FRANKFORT Judged by the usual political campaign measuring sticks, Matt Bevin’s prospects to take down incumbent Sen. Mitch McConnell in next May’s Republican primary don’t look too promising.
Bevin, the Louisville investment manager, is far behind in fundraising and publicly released polls. McConnell has raised $17.7 million with $10 million of that in the bank while Bevin reported raising only $822,000, $600,000 of it from his own pocket. A July poll by Wenzel Strategies, a Republican pollster, showed Bevin behind by as much as 40 points.
No matter, says Bevin.
“Things are good. Honestly, the path (to winning) gets wider every day,” he said. “From the beginning, there was a path to victory that was driven by people’s desire for an alternative (to McConnell) and the path has just gotten wider and wider and wider.”
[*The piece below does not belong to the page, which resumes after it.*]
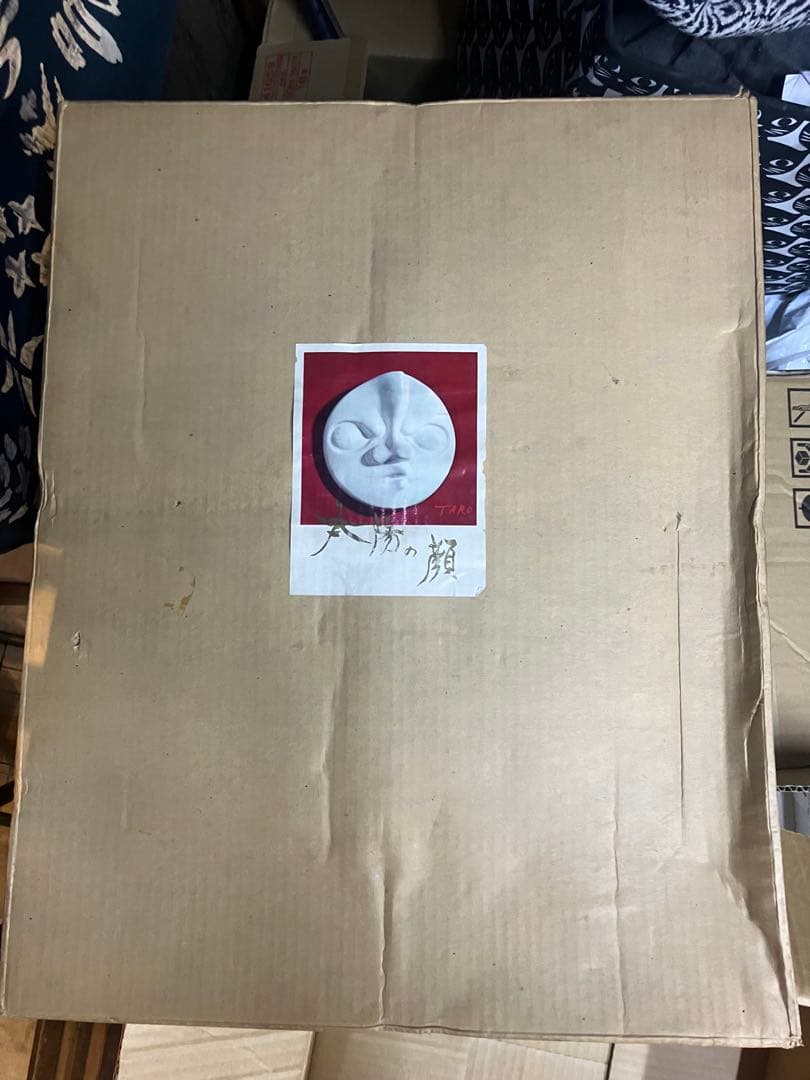 太陽の顔　EXPO70記念'太陽の顔'岡本太郎作　信楽焼　箱　チェーン付き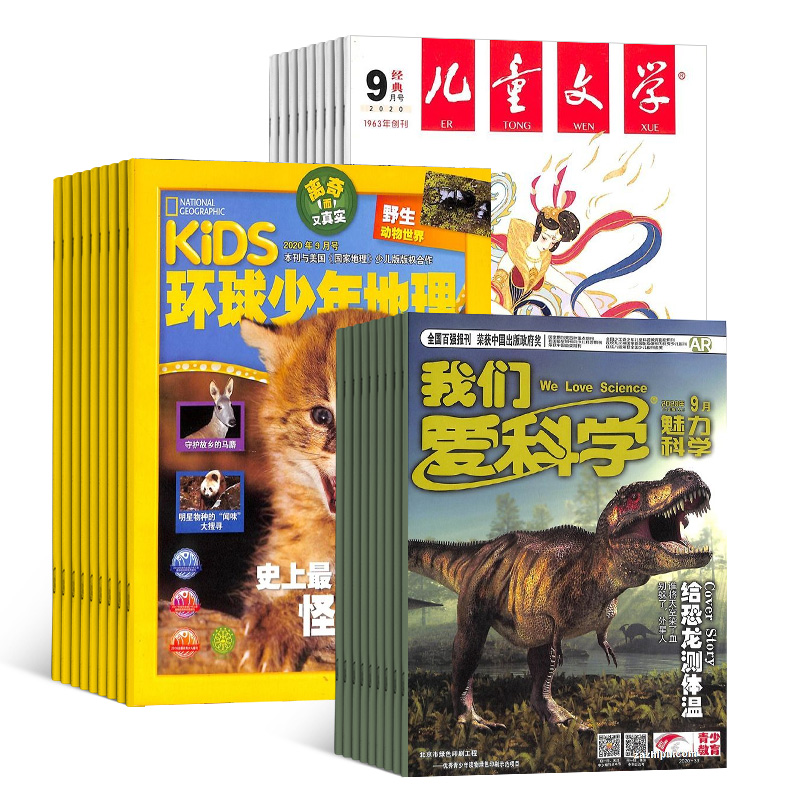 ͯѧ棩1깲12ڣ+KiDS1깲12ڣ+ǰѧ棩1깲12ڣ־ģ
Bevin doesn’t have any polling to back that up. Instead, he talks about the reception he gets from groups he talks to.
Those who come, Bevin said, often come out of curiosity, “not used to people who will sit and talk to them for two or three straight hours and answer their questions.”
Bevin is often inclined to sit and engage a table of prospective voters in lengthy conversation about issues that drive him: federal spending and the national debt. He accuses McConnell of switching positions on immigration, failing to take a stand on military action against Syria until the question was decided and failing to fight continued funding of the Affordable Care Act.
But it won’t be easy to deliver those messages to the larger population, given the funding disparity between the two campaigns.
“I mean, we will never have the kind of money (McConnell) has,” concedes Bevin. “But we will have the money we need to execute the ground game we need to turn out the votes we need to win.”